The program was expensive, costing three billion dollars. In the midst of an economic downturn, the government didn’t just have that kind of money on hand. They had to borrow it, increasing the nation’s debt. Individuals taking part in the program were likely giving up a paid-for car and getting a car that will take years to pay off. So, not only did CARS increase the national debt, but also the individual debt of many participants

Obama called for Congress to pass legislation reforming health care in the United States, a key campaign promise and a top legislative goal. He proposed an expansion of health insurance coverage to cover the uninsured, to cap premium increases, and to allow people to retain their coverage when they leave or change jobs. His proposal was to spend $900 billion over 10 years and include a government insurance plan, also known as the public option, to compete with the corporate insurance sector as a main component to lowering costs and improving quality of health care. It would also make it illegal for insurers to drop sick people or deny them coverage for pre-existing conditions, and require that every American carry health coverage. The plan also includes medical spending cuts and taxes on insurance companies that offer expensive plans. Obamacare is riddled with tax increases, has anyone added those up? The Heritage Foundation did. All told Obamacare contains 18 separate tax increases that will cost taxpayers $503 billion between 2010 and 2019. COST TAXPAYERS!! That’s in addition to the $900 billion in start up costs.

On November 7, 2009, a health care bill featuring the public option was passed in the House. On December 24, 2009, the Senate passed its own bill—without a public option—on a party-line vote of 60–39. On March 21, 2010, the health care bill passed by the Senate in December was passed in the House by a vote of 219 to 212. Obama signed the bill into law on March 23, 2010. More taxes, more government spending.

Chairman, Ben Bernanke, stated that the economic outlook was "unusually uncertain." Who can blame him for saying that. History has shown two different actions responding to a faltering economy. One has shown that it works and the other that it does not. Talking points from both sides make it hard to figure which is the right move.
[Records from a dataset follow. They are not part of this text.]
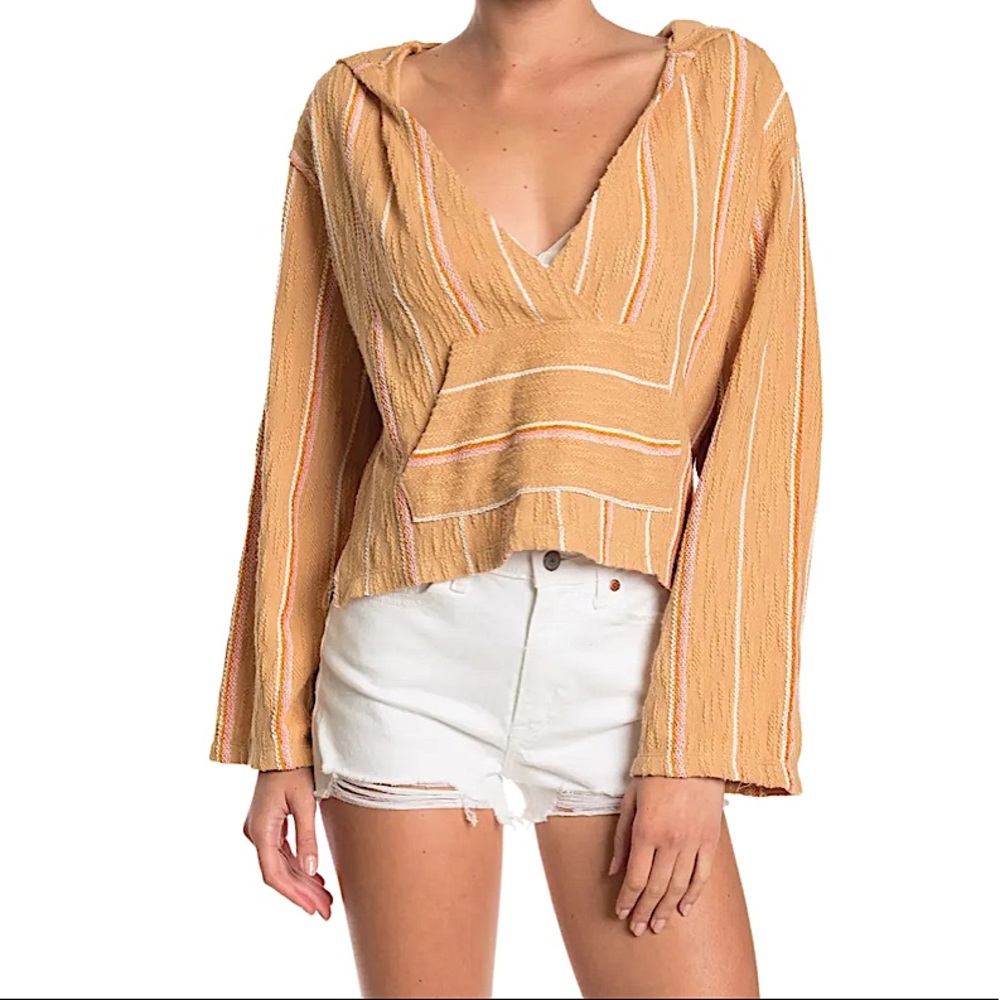 NWT - L*SPACE Paradise Striped Hooded Pullover in Sunset Stripe - Size Small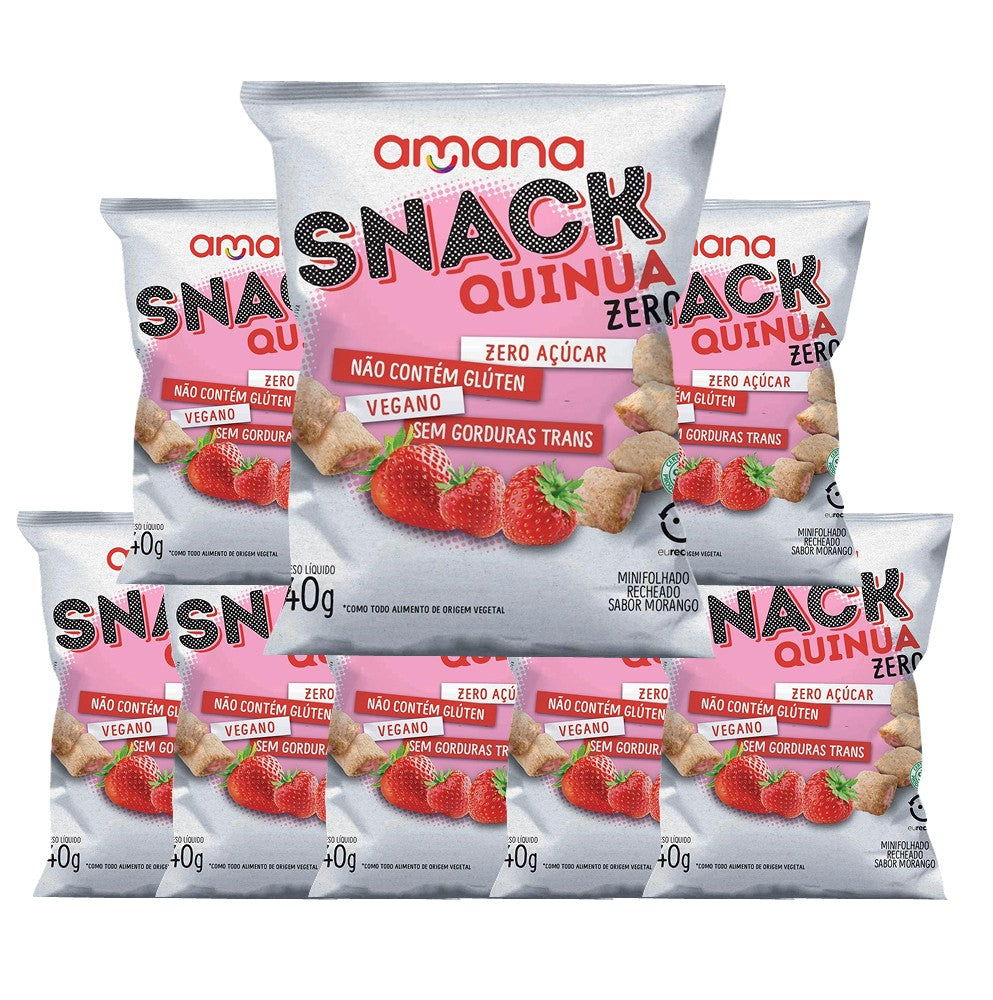 Pack com 8 pacotes de Snack de Quinua Zero Açúcar recheado de morango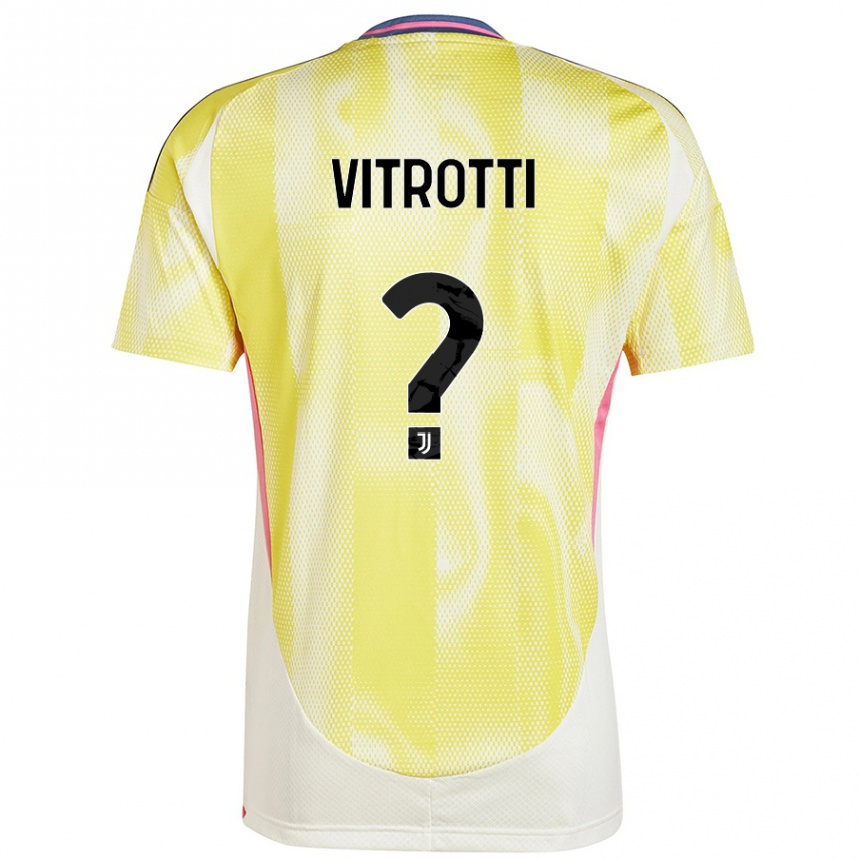 גברים כדורגל Matteo Vitrotti #0 צהוב סולארי הרחק ג'רזי 2024/25
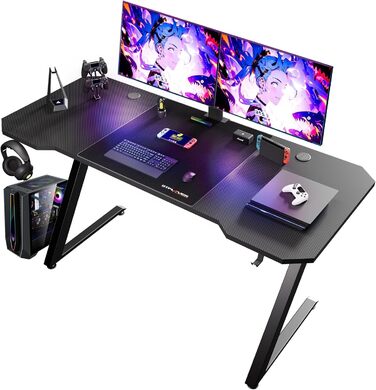 Ігровий стіл GTPLAYER 120x60 см з карбоновою поверхнею та тримачем для навушників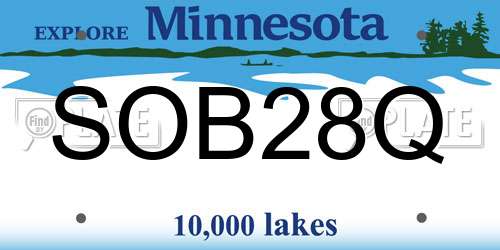 SOB28Q Minnesota License Plate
Repubs always push for lower taxes, smaller Government. Dems push for spending and bigger Government. Charlie Rangel (D-NY) was interviewed by John Stossel. They debated the size of government and entitlements. Rangel Quote” It’s a great government, why not be big”. Stossel responded by saying “I want a smaller more efficient government like this is”. Stossel held up a book on constitution. Rangel said” throw out that book”. Really Charlie? Get rid of our constitution? What can one expect; Rangel is the king of gimme gimme gimme.

History shows under Reagan, Clinton, and Bush that tax and budget cuts make a big difference and spurs economic growth. But the Dems always use scare tactics to hide the fact those principals work. History also shows under FDR, Carter, Early Clinton years, and under Obama that tax increases and growing Government does not work. So why are the Dems and Obama always against tax cuts and smaller Government? Why be against cut, cap and Balance? Americans follow that in their private lives, why not Washington?